Habertürk
    Takipde Kalın!
      Günlük gelişmeleri takip edebilmek için habertürk uygulamasını indirin

        Başbakan Erdoğan, dün bir grup gazeteci ve sivil toplum temsilcisini İstanbul’daki Başbakanlık Ofisi’nin toplantı salonunda yapacağı “basın toplantısı”na davet etti.

        Galiba 47 davetli vardı.

        Zannederim tamamı icabet etmiştir davete.

        Ben çağrılılar arasında değildim.

        Doğrusu orada olmak isterdim.

        Çünkü sormak istediğim çok şey vardı. Başbakan’ın seyahatlerinde manşete çıkan sözleri de genelde benim sorduğum sorular üzerine verilen yanıtlardır.

        Hatta son seyahatte önemli bir soruyu dile getiren Erdal Şafak, ardından bana dönüp, “Bu sefer sen yanma diye ben kendimi ateşe attım” demişti gülerek.

        Bu nedenle orada olmak isterdim.

        Katılımcı listesine bakınca “niye davet edilmediğimi” anladım.

        Benim ve başka birtakım gazetecilerin niye davet edilmediğini.

        Davet edilenler, özellikle son süreçte Başbakan’ın okumaktan keyif aldığı türde yazılar kaleme alanlardı.

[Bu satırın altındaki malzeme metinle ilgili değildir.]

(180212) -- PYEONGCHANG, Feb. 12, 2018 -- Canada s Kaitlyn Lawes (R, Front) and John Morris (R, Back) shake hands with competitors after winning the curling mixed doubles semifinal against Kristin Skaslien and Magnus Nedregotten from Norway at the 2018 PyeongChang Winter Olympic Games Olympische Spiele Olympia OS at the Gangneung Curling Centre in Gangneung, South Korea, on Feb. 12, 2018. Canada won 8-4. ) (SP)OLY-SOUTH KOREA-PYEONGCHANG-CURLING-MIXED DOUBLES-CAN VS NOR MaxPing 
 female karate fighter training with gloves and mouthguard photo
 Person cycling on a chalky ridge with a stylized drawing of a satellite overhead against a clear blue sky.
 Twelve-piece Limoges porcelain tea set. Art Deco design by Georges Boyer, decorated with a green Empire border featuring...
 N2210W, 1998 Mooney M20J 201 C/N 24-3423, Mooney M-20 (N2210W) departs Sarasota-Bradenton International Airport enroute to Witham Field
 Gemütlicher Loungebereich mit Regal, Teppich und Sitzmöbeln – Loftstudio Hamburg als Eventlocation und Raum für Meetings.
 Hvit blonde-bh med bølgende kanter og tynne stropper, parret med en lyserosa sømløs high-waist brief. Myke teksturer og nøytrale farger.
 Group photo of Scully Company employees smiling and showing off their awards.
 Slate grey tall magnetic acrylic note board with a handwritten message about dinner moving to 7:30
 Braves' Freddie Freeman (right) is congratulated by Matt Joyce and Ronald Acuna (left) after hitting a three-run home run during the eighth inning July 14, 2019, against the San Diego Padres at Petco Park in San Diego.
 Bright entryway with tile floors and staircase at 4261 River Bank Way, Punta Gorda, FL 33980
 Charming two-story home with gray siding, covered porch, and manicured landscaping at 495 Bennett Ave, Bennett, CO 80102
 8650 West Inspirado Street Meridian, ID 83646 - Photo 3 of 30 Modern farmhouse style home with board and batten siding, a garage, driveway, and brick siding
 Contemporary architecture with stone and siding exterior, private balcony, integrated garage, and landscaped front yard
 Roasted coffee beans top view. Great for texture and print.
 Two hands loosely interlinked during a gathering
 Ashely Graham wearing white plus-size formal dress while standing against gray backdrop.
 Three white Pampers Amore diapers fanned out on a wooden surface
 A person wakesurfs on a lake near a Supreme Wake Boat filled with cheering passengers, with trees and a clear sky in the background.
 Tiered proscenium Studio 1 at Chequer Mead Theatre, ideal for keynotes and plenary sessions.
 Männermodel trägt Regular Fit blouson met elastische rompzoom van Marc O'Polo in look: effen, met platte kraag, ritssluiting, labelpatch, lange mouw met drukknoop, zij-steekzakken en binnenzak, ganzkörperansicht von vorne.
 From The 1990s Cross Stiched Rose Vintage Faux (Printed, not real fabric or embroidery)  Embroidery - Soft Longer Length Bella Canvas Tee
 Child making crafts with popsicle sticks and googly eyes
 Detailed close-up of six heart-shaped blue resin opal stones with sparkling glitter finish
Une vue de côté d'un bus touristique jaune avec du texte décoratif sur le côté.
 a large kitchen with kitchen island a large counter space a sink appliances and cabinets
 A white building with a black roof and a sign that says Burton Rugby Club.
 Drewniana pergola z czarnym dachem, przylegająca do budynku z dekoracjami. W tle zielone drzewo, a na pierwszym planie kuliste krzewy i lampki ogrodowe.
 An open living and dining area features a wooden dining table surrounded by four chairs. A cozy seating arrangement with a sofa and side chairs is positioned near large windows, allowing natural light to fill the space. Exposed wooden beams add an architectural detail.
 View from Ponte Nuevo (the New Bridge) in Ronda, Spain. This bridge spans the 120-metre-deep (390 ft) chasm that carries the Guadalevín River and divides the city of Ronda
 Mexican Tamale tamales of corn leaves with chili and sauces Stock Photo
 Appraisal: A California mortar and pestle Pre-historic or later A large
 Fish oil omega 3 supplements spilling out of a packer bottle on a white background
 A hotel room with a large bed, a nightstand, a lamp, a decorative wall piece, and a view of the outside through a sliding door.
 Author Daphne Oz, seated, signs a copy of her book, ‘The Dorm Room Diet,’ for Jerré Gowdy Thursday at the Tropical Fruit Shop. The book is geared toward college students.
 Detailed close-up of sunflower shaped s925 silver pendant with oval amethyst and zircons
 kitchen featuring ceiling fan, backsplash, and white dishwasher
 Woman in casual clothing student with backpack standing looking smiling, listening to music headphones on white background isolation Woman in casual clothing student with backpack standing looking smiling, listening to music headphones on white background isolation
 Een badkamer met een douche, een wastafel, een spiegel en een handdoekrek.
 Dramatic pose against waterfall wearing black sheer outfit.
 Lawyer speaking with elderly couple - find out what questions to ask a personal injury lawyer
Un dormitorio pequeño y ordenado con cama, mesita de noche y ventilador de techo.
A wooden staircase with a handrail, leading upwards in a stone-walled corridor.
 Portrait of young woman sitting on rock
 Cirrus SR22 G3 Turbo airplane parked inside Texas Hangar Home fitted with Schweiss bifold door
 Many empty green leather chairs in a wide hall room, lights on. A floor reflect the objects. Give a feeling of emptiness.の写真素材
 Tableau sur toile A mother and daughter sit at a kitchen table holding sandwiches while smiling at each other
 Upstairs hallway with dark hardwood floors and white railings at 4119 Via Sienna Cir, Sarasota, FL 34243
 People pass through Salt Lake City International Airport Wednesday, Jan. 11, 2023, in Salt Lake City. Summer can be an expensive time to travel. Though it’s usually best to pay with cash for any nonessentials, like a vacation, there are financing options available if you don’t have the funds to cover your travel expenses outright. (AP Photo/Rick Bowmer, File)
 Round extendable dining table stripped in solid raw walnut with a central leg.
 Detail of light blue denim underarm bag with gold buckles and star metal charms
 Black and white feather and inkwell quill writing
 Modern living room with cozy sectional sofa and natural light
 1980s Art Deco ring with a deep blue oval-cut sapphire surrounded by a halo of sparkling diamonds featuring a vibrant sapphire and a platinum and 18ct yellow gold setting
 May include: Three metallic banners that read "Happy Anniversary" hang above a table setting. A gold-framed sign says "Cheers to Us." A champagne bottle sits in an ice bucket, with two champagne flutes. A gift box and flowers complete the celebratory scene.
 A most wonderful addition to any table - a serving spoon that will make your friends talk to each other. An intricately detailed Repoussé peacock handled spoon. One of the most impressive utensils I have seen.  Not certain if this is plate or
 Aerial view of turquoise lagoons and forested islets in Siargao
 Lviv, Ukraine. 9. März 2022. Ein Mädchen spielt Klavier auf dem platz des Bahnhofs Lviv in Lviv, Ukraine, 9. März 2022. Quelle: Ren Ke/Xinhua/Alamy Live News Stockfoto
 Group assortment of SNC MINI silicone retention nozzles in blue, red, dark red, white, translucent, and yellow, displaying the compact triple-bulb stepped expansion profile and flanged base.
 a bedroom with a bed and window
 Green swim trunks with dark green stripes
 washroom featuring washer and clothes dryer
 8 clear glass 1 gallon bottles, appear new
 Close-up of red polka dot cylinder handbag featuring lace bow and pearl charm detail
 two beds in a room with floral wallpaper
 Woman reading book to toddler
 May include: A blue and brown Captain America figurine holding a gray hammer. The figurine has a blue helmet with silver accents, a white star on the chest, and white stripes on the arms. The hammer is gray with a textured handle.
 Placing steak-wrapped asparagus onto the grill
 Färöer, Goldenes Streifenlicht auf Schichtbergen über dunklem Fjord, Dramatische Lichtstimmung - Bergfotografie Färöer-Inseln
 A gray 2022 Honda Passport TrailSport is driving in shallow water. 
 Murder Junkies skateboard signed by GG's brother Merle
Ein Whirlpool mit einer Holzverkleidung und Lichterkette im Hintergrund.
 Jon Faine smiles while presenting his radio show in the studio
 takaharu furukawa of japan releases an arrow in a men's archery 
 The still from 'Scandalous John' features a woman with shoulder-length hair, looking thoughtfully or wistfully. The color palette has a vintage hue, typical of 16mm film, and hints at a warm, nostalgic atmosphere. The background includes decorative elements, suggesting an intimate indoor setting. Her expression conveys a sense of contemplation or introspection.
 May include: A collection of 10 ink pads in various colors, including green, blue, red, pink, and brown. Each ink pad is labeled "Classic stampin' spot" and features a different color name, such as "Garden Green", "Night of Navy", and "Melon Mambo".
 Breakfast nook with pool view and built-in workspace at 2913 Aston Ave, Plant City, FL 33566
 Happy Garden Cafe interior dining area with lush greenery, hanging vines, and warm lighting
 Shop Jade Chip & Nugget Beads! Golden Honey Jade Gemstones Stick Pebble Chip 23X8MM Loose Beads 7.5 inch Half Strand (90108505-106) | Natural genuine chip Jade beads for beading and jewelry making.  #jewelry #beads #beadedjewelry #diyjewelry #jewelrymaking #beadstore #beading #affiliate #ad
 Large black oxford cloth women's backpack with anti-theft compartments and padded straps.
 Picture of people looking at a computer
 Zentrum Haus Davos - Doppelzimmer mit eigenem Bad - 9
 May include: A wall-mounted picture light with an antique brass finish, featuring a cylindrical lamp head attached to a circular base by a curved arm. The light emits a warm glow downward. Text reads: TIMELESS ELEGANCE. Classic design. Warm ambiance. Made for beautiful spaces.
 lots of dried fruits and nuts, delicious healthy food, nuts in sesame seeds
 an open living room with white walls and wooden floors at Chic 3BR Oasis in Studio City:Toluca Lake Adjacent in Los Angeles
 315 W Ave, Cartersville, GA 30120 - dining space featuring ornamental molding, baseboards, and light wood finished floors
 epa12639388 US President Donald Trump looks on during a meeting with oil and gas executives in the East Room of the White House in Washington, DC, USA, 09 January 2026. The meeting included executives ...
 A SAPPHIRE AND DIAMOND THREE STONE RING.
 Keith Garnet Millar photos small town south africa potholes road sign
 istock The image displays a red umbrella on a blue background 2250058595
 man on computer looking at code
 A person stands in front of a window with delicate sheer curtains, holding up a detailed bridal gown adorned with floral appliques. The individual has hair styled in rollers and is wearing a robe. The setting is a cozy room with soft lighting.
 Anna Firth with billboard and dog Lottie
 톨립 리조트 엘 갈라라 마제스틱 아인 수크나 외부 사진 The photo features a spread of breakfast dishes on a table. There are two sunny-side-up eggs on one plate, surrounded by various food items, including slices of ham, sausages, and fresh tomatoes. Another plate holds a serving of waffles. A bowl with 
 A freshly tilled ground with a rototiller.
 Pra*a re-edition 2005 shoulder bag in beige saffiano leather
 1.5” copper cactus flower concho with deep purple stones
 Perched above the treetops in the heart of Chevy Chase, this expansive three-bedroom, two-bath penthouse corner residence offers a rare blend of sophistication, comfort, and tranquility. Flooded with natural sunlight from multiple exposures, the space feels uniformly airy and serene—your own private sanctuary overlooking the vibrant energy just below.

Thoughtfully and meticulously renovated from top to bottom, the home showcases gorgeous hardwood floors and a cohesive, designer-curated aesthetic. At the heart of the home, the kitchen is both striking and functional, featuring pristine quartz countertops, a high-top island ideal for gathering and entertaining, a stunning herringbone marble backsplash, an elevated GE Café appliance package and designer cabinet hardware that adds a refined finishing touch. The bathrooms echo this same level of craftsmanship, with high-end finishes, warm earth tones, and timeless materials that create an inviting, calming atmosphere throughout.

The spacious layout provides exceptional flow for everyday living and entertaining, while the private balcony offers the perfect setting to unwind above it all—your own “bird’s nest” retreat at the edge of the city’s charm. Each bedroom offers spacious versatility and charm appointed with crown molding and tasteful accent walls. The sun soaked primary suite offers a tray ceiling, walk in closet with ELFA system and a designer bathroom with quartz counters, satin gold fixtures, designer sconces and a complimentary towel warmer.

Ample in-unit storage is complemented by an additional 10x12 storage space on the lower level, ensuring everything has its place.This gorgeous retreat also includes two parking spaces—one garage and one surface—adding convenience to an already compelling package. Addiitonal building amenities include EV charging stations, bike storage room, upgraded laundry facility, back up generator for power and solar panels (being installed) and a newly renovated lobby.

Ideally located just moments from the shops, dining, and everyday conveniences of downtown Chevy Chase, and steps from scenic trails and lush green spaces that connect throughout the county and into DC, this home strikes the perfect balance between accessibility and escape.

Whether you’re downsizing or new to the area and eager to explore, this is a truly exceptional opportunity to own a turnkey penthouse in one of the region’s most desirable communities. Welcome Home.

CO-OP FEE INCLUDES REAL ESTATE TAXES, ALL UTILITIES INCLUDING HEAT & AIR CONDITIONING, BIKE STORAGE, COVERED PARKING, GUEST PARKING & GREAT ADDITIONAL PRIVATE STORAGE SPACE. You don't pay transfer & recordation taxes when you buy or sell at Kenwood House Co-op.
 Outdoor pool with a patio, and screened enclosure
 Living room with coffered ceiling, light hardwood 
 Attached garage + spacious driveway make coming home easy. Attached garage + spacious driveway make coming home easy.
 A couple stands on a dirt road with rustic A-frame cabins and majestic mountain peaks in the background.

        Bu toplantı da bir anlamda “ödül”dü. Listeyi yapan her kim ise, Başbakan’ı üzmeyenleri sevindirmek için bir liste hazırlamıştı. Bu liste aynı zamanda davet edilmeyenler için de bir mesaj niteliğindeydi.

        Elbette ki, Türkiye’nin bu önemli gündeminde ben de orada olmak isterdim.

        Ama “ödüllendirilmek” için değil, gazeteci olduğum için. Gazeteci olarak davet edileceksem koşa koşa giderim. Ödül olarak davet edileceksem ben almayayım.

        Dün yalar, bugün satar

        Bazı Emniyet mensupları ve kimi savcılar için “Paralel devletin adamı” suçlaması yapanlara, bazı savcılar için “Yargı mensubu değil çete mensubu” diye yazanlara, bunlarla ilgili hakaret dolu ithamlar kaleme alanlara bakıyorum ve kahkahalarla gülüyorum.

        Daha doğrusu eğleniyorum.

        Çünkü bunları yazanların tamamı, ama istisnasız tamamı....

        Daha düne kadar...

        Her fırsatta bu Emniyet müdürleriyle buluşup onlara “Abi şunları da gözaltına alsanıza” diye akıl veriyorlardı.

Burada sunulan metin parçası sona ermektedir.